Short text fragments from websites
------------------------------------------------
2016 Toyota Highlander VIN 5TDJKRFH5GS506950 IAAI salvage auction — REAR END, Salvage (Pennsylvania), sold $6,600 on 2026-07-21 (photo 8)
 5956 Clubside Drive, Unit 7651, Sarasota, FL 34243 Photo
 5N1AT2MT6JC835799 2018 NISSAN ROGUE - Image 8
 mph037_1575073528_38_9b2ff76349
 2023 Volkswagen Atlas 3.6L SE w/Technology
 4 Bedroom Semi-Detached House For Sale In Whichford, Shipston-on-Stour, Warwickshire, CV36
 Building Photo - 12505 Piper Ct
------------------------------------------------
• WHAT THIS TASK INVOLVES: Exact duplication of all the data above is expected.

• YOUR RESPONSE:
2016 Toyota Highlander VIN 5TDJKRFH5GS506950 IAAI salvage auction — REAR END, Salvage (Pennsylvania), sold $6,600 on 2026-07-21 (photo 8)
 5956 Clubside Drive, Unit 7651, Sarasota, FL 34243 Photo
 5N1AT2MT6JC835799 2018 NISSAN ROGUE - Image 8
 mph037_1575073528_38_9b2ff76349
 2023 Volkswagen Atlas 3.6L SE w/Technology
 4 Bedroom Semi-Detached House For Sale In Whichford, Shipston-on-Stour, Warwickshire, CV36
 Building Photo - 12505 Piper Ct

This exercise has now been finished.